= Action item =
Reproduce exactly, and exclusively, the lines from the line containing "Портативная колонка Digma" through the final line of the listing below.

== Segment start ==

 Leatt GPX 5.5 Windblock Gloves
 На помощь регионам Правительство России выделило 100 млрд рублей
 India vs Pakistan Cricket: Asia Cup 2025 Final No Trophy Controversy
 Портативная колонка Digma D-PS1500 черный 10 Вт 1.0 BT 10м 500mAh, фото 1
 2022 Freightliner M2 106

== Segment end ==

= Task output =
 Портативная колонка Digma D-PS1500 черный 10 Вт 1.0 BT 10м 500mAh, фото 1
 2022 Freightliner M2 106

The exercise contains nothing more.